A randomized phase II study of cabozantinib versus weekly paclitaxel in the treatment of persistent or recurrent epithelial ovarian, fallopian tube or primary peritoneal cancer: An NRG Oncology/Gynecologic Oncology Group study.

Author information

1
Dana Farber Cancer Institute, Division of Gynecologic Oncology, Dept. of Medical Oncology, Boston, MA 02215, United States of America. Electronic address: ursula_matulonis@dfci.harvard.edu.
2
NRG Oncology, Clinical Trial Development Division, Biostatistics & Bioinformatics, Roswell Park Comprehensive Cancer Center, Buffalo, NY 14263, United States of America. Electronic address: msill@gogstats.org.
3
Memorial Sloan Kettering Cancer Center, Medical Oncology, New York, NY 10065, United States of America. Electronic address: makkerv@mskcc.org.
4
Washington University School of Medicine, Division of Gynecologic Oncology, Saint Louis, MO 63110, United States of America. Electronic address: mutchd@wudosis.wustl.edu.
5
Cancer Research for the Ozarks, Dept. of Obstetrics and Gynecology, Springfield, MO 65804, United States of America. Electronic address: jay.carlson@mercy.net.
6
Maine Medical Center, Dept. of Gynecologic Oncology, Scarborough, ME 04074, United States of America. Electronic address: darusc@mmc.org.
7
University of Oklahoma Health Sciences Center, Dept. of Obstetrics and Gynecology, Oklahoma City, OK 73104, United States of America. Electronic address: robert-mannel@ouhsc.edu.
8
University of Iowa Hospitals and Clinics, Gyn/Onc Division, Iowa City, IA 52242, United States of America. Electronic address: david-bender@uiowa.edu.
9
Levine Cancer Institute, Division of Gynecologic Oncology, Charlotte, NC 28204, United States of America. Electronic address: erin.crane@carolinashealthcare.org.
10
Memorial Sloan Kettering Cancer Center, Medical Oncology, New York, NY 10065, United States of America. Electronic address: aghajanc@mskcc.org.

Abstract

INTRODUCTION:

Cabozantinib is a receptor tyrosine kinases inhibitor that targets MET (c-MET), VEGF receptor 2 (VEGFR2), RET, AXL, KIT, FLT-3, and TIE-2 and previously showed promising single agent activity in recurrent ovarian cancer.

METHODS:

This was an open label, 1:1 randomized study of cabozantinib 60 mg orally (PO) daily versus weekly paclitaxel 80 mg/m2 given 3 out of 4 weeks (NCT01716715); 111 patients were enrolled.

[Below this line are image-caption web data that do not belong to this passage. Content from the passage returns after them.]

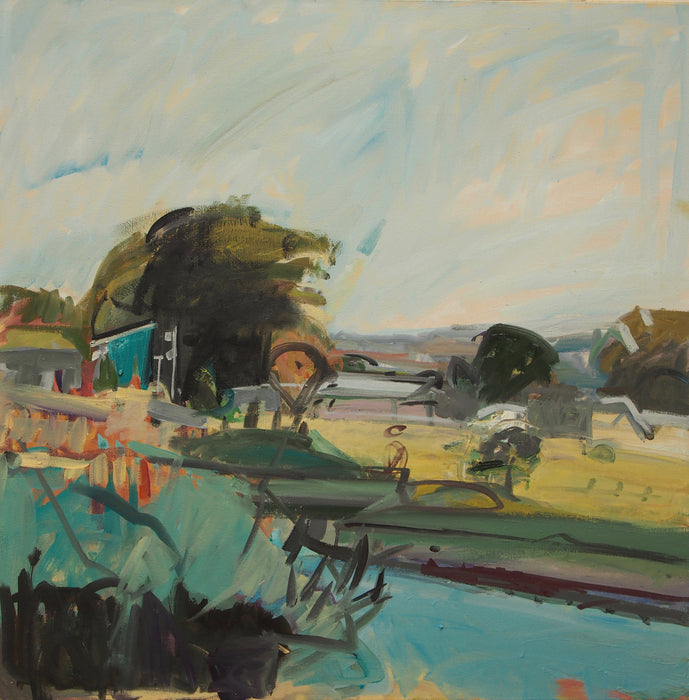 Summer Marsh with Industrial Buildings, 2018, oil on canvas, 30 x 30 in. / 76.2 x 76.2 cm.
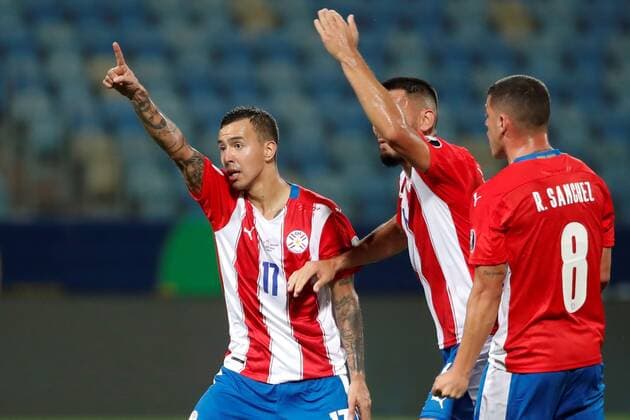 Kaku (L) of Paraguay celebrates a goal today, in a match of group B of the Copa America between the teams of Paraguay and Bolivia at the Olympic Stadium in Goiania, Brazil 14 June 2021. Paraguay - Bolivia !ACHTUNG: NUR REDAKTIONELLE NUTZUNG!  Copyright: xALBERTOxVALDESx AME5798 20210615-637593261950655946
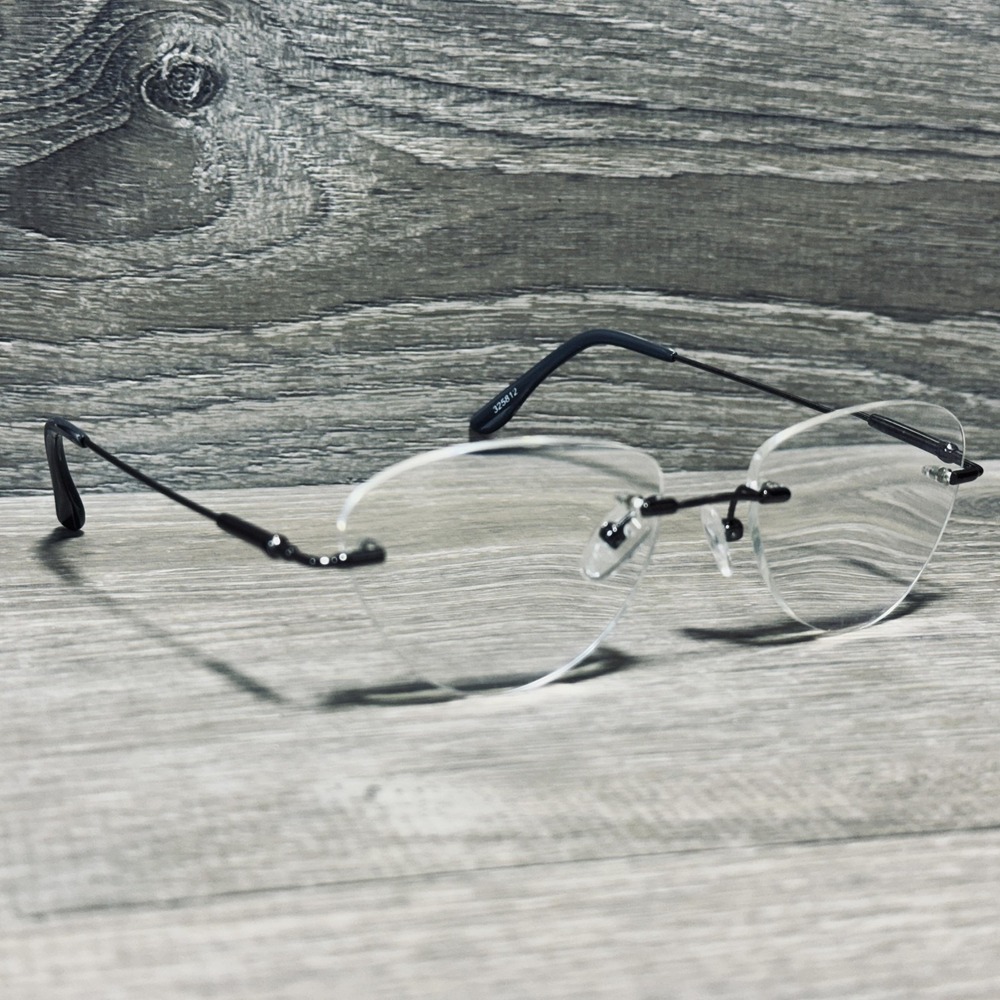 Zenni 3258 12 Eyeglass Frames Rimless Black Oval Unisex‎ Optical Frames Only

Eligibility included persistent or recurrent epithelial ovarian, fallopian tube, or primary peritoneal carcinoma and at least one but no >3 prior chemotherapy regimens.

RESULTS:

Median PFS was similar for both treatment groups and was 5.3 months for cabozantinib and 5.5 months for weekly paclitaxel (HR 1.11 (90% CI 0.77-1.61, p = 0.64)). Secondary analyses of overall survival (OS) and event free survival (EFS) showed that cabozantinib did not perform as well as weekly paclitaxel. Median OS for cabozantinib was 19.4 months and was not reached for weekly paclitaxel (HR 2.27 (90% CI 1.17-4.41, p = 0.04). EFS was also worse in the cabozantinib arm, 3.5 months, compared to weekly paclitaxel at 5.0 months (HR 1.81 (90% CI 1.24-2.63, p = 0.01). Overall response rate (ORR) was less for cabozantinib compared to weekly paclitaxel (7% versus 24.1%). Gastrointestinal toxicities, specifically nausea, diarrhea, and abdominal pain were worse in the cabozantinib arm.

CONCLUSIONS:

Median PFS was similar for cabozantinib and weekly paclitaxel. However, OS, EFS, and ORR were worse for cabozantinib compared to weekly paclitaxel. Cabozantinib given at this dose and schedule cannot be recommended as a treatment for recurrent ovarian cancer.

KEYWORDS:

Anti-vascular; Cabozantinib; Ovarian cancer; Paclitaxel

PMID:
30587441
PMCID:
PMC6542283
[Available on 2020-03-01]
DOI:
10.1016/j.ygyno.2018.12.008
[Indexed for MEDLINE]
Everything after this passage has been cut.